[Start of Attachment]
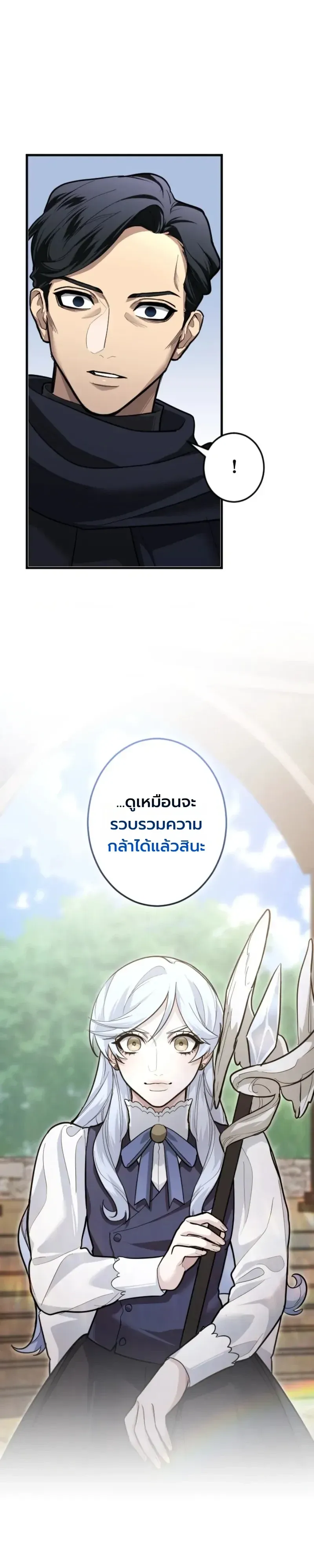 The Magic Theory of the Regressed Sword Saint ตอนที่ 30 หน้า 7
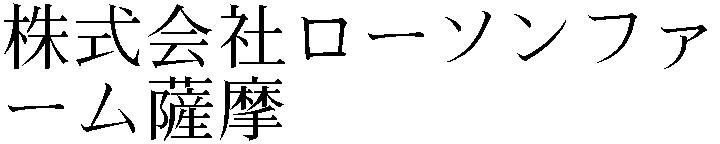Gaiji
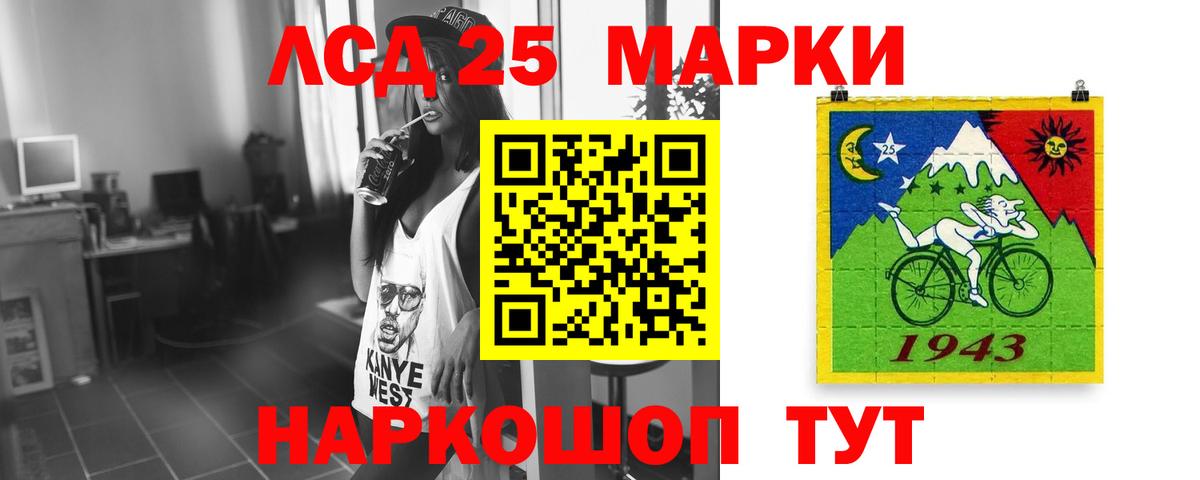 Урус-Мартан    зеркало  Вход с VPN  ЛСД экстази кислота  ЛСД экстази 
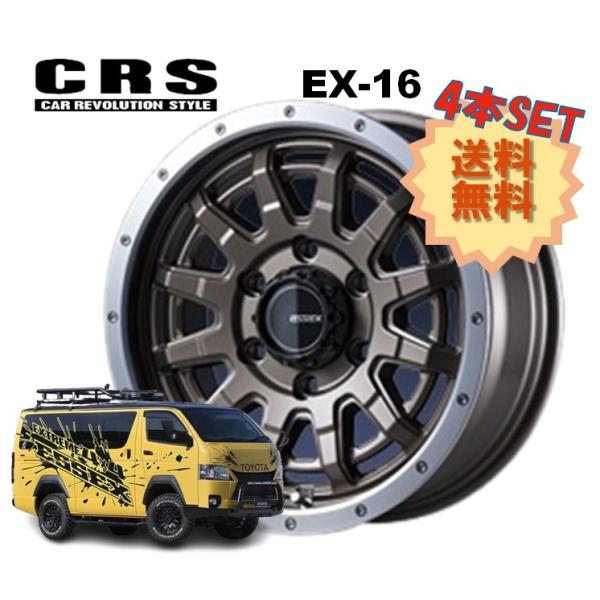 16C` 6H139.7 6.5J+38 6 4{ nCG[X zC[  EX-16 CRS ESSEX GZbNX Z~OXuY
[End of Attachment]
__Exercise__
Starting with the line that contains "ЛСД экстази кислота", print every line through the end of the data exactly as written; omit all pictures and add nothing else.

__Result__
 Урус-Мартан    зеркало  Вход с VPN  ЛСД экстази кислота  ЛСД экстази 
 16C` 6H139.7 6.5J+38 6 4{ nCG[X zC[  EX-16 CRS ESSEX GZbNX Z~OXuY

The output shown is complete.